#### Task
Quote word for word the lines below, beginning with the first and ending with the one that has "Here I've got". Drop the pictures.

#### Supplied data
⟨
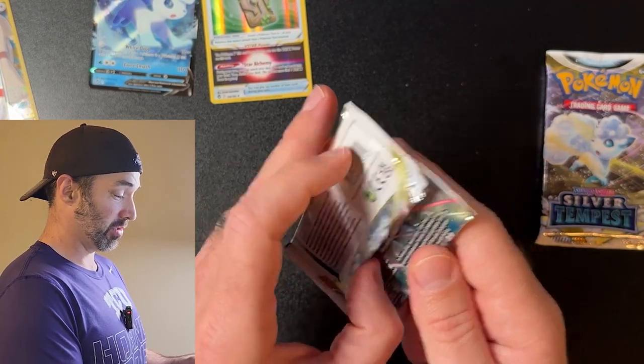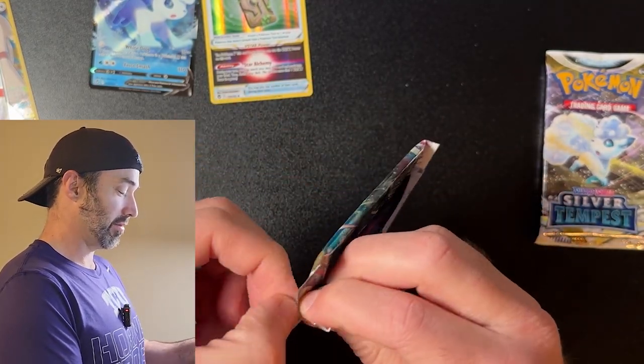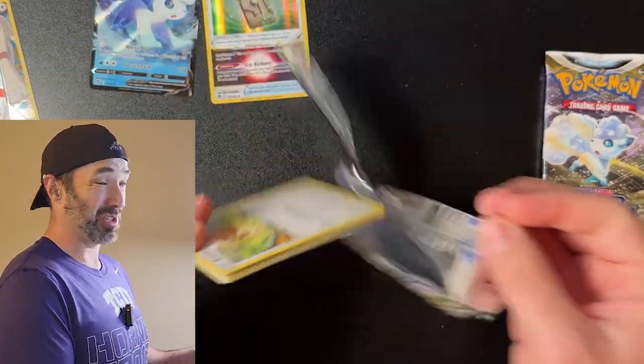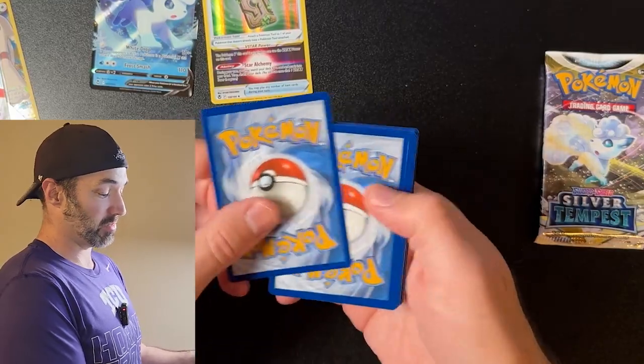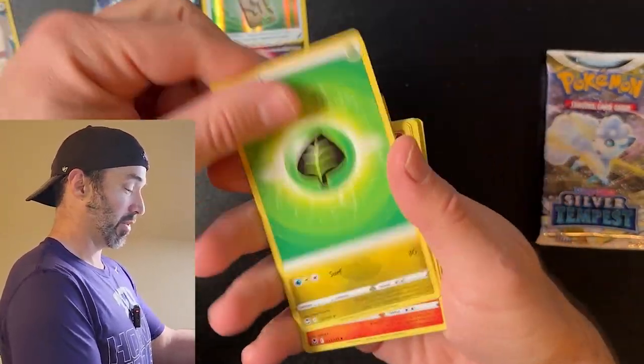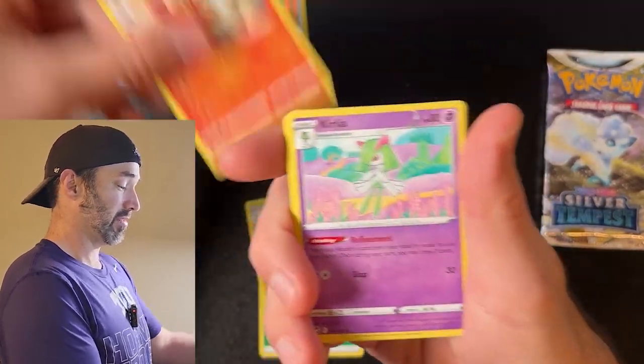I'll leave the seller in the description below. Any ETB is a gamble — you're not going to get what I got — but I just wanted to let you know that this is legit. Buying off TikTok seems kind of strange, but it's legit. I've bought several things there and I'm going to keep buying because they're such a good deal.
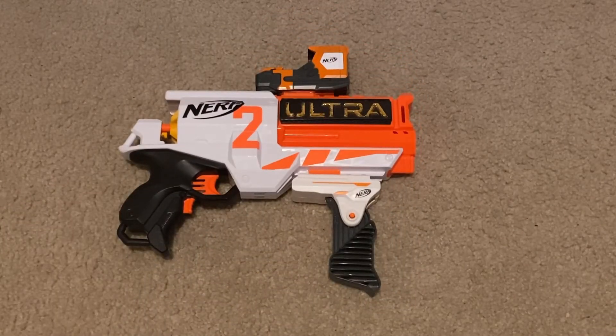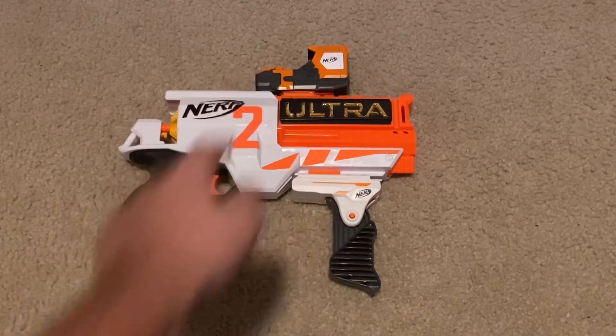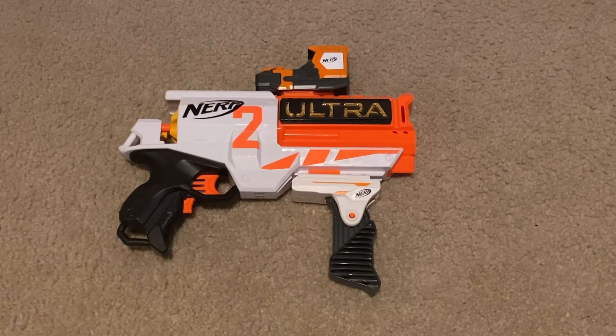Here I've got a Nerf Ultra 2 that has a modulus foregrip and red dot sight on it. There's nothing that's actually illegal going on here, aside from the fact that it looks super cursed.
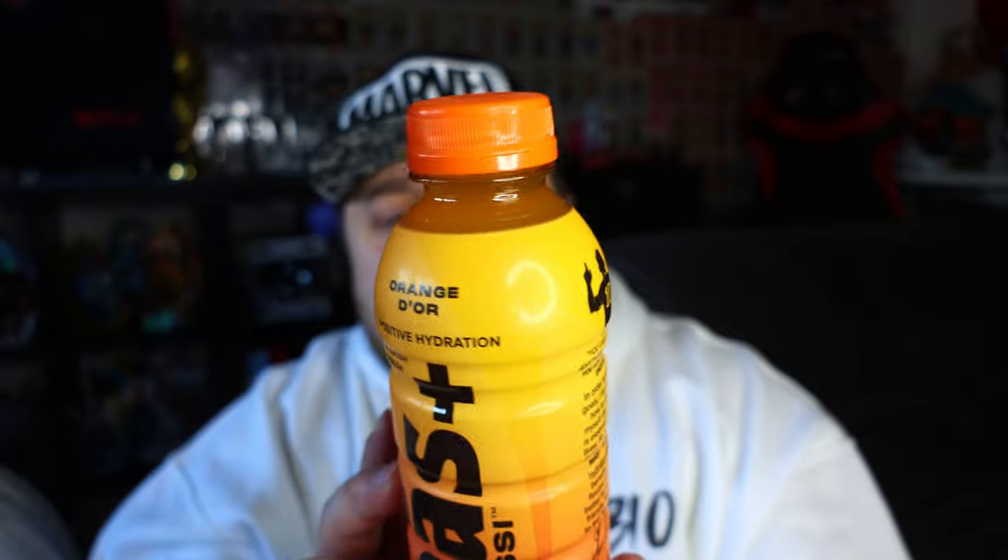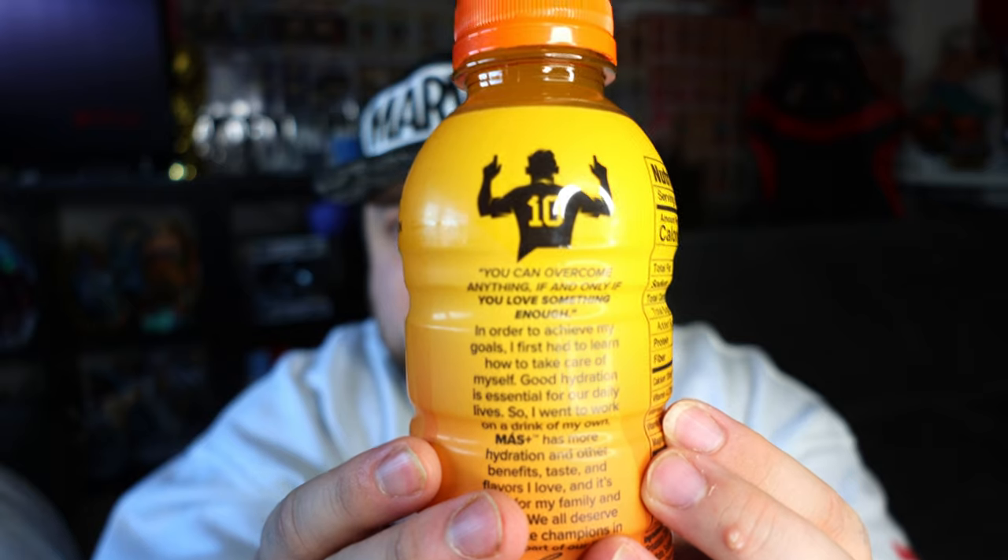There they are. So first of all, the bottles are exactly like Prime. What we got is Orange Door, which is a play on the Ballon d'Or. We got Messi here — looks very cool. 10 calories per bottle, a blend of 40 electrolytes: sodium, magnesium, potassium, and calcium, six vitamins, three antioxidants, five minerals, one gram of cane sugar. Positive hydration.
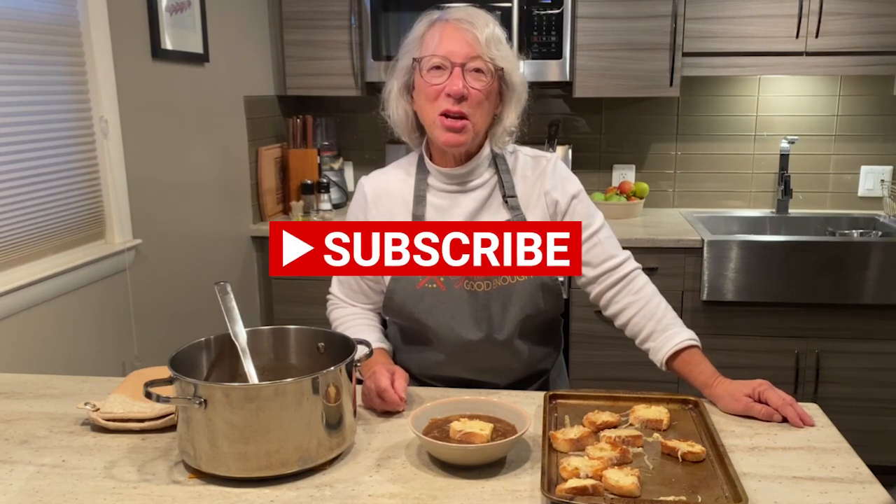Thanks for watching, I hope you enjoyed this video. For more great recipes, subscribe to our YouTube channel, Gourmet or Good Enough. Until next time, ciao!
⟩
#### Task response
I'll leave the seller in the description below. Any ETB is a gamble — you're not going to get what I got — but I just wanted to let you know that this is legit. Buying off TikTok seems kind of strange, but it's legit. I've bought several things there and I'm going to keep buying because they're such a good deal.
Here I've got a Nerf Ultra 2 that has a modulus foregrip and red dot sight on it. There's nothing that's actually illegal going on here, aside from the fact that it looks super cursed.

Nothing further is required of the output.